Review by John Smythe 04th Mar 2025

Described as “a multimedia rant on the current state of love and domestic life”, Papa, written and directed by Whitney Nicholls-Potts, ingeniously blends mythology and reality through the dramatised waking fever dream of a solo mum.

The origin story of how ‘enlightenment’ came to te ao Māori is well known in Aotearoa. Unhappy at being consigned to darkness, thanks to the tight embrace of Ranginui, their father, and Papatūānuku, their mother, the children (numbers vary between 70 and 500) debated over how to push them apart. In the end – or should we say at the new beginning – it was Tanemahuta, atua of the forests and birds, who separated them (although Taranaki tradition says it was Tangaroa, atua of the sea, who did the deed).* Either way, that’s how the children’s sky father became distant to them while they were nurtured by their earth mother, who grieved at the separation while expanding and flourishing herself.  

The preset for Papa the play immerses us in a rain-drenched subtropical rain forest (set design by Hannah Clarke-Sersen & Sam Hanna; visuals by Ashley Church; lighting by Maea Shepherd) as in the shadows, composer Shaun Blackwell creates sustained high-pitched sounds on a keyboard, suggesting all is not well in what we might have thought was a natural paradise. 

In her home a lone pyjama-clad woman, Papa, is scrolling TikTok. She pauses on a message that says: “It’s not that humanity has been lost. It’s that we’ve become so separated from the sacredness that exists within us all.” Images of Blackwell as Rangi – a suave musician on the road – also remind her of what she’s lost.

She discovers us in the audience and summons Grandma Birdie and Nana Rose from te ao Wairua … The mash up of Papa’s prosaic, mythical and spiritual thoughts and feelings are manifested brilliantly in Papa the play .

Te Ani Solomon is powerful yet mercurial in the title role, superbly navigating all the emotions between the losses and gains of her life in ways that imbue her with the mana of a wāhine toa. Her quest to balance the competing forces in her life could manifest as existential angst but despite being a solo mum, she’s not alone.

As her tupuna wāhine, Te KuraHuia Henare’s Nana Rose and Monica-Ellen Vincent-Graham’s Grandma Birdie are a formidable double act, laying down the lore one minute and waxing wicked the next. Whether they are singing, bickering, having a good time or confronting some issue over a cuppa, the behavioural dynamics of all three wāhine are distinctly Māori – and a joy to behold.
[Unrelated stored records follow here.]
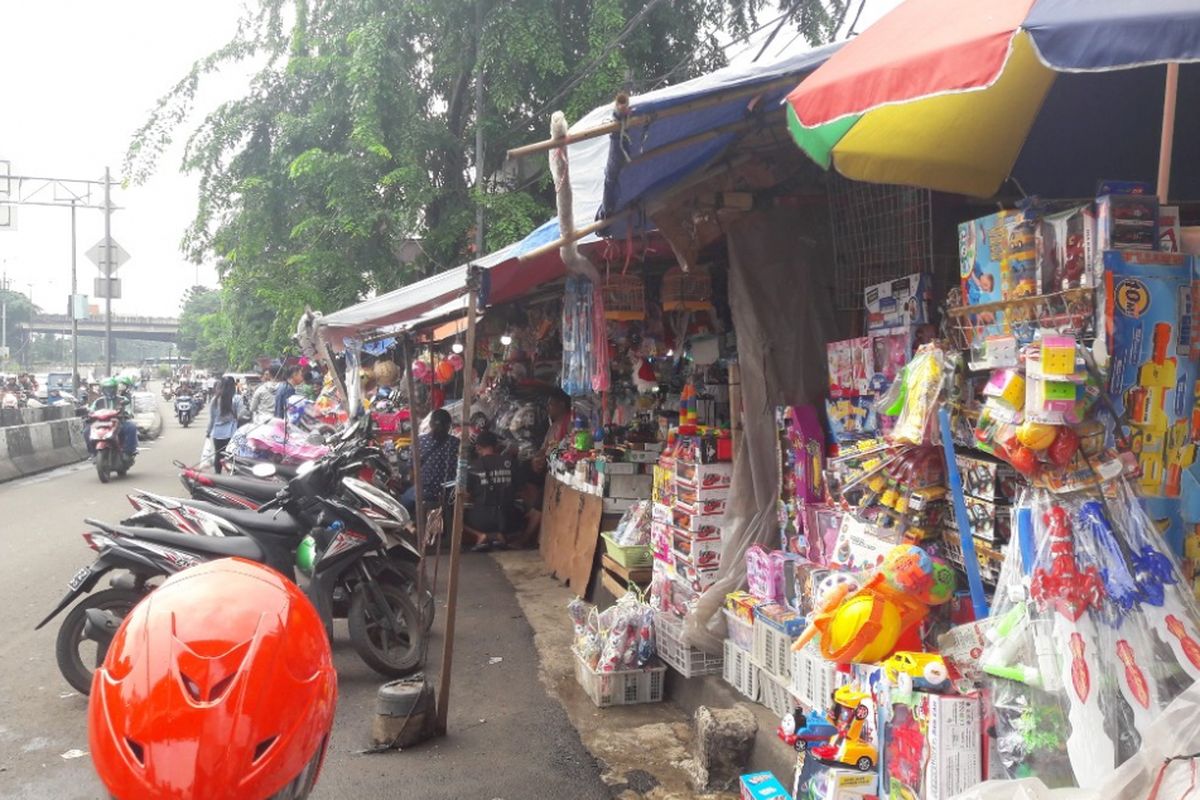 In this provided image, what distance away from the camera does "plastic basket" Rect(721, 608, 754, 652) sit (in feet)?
13.5

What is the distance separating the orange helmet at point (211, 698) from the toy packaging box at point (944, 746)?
1.70 metres

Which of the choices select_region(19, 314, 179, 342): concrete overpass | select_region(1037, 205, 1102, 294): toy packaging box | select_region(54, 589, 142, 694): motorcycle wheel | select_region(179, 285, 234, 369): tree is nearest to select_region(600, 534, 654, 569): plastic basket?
select_region(54, 589, 142, 694): motorcycle wheel

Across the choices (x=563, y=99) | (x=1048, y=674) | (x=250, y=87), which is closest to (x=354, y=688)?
(x=1048, y=674)

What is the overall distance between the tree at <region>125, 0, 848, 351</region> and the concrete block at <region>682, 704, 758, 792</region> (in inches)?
297

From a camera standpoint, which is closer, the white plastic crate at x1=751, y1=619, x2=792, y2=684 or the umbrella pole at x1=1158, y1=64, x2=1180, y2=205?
the umbrella pole at x1=1158, y1=64, x2=1180, y2=205

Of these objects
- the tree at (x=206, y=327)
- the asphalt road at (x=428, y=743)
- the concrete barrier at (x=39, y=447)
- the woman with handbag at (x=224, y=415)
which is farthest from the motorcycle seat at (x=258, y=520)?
the tree at (x=206, y=327)

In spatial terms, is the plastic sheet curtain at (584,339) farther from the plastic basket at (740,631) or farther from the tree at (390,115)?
the tree at (390,115)

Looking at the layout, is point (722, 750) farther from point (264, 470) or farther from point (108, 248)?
point (108, 248)

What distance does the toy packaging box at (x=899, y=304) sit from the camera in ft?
11.1

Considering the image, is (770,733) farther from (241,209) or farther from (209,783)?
(241,209)

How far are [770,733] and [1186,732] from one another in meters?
1.90

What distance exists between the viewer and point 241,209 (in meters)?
12.8

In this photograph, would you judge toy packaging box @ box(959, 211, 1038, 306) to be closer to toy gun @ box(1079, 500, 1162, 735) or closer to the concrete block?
toy gun @ box(1079, 500, 1162, 735)

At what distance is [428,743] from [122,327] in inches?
3394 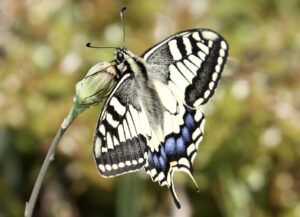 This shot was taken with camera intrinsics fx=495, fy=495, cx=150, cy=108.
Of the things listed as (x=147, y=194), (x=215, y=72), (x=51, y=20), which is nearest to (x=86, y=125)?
(x=147, y=194)

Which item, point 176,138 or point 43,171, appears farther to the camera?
point 176,138

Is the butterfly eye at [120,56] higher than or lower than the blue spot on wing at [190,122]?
higher

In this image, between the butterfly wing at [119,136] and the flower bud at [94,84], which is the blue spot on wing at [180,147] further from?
the flower bud at [94,84]

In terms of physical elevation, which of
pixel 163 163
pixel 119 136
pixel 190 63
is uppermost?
pixel 190 63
Papa recalls how intertwined she and Rangi were, until the kids came. But her rejoinder to the idea that “it was the kids who broke us apart” is that she has found her strength in her pēpi. She asks whether it is parents or children who most embody “unconditional love” and concludes, “They teach us how to love again. Properly.” Then she adds, “Funny how we change to become more like ourselves.”

There is no doubt that, as they “fight for the light”, she will support them – all boys – to become whatever they want to be. Early on in the play, Papa mentions she’s pregnant again and we’re left to wonder whether Rangi paid a quick visit to see his tamariki. Later she says the boys want a sister, and suggests she’ll have to find another man for that. So I’m wondering where the current pregnancy fits in.

Papa the play is wonderfully written, produced and performed to capture the chaotic nature of night-time musings. Are the forces opposing or is she intuitively weaving them together into a strong whiri iwituna she can hold fast to?

Whether you respond more to Papa’s physical presence or metaphysical musings, I feel certain anyone will find this production compelling. [This season is sold out but doubtless it will return.]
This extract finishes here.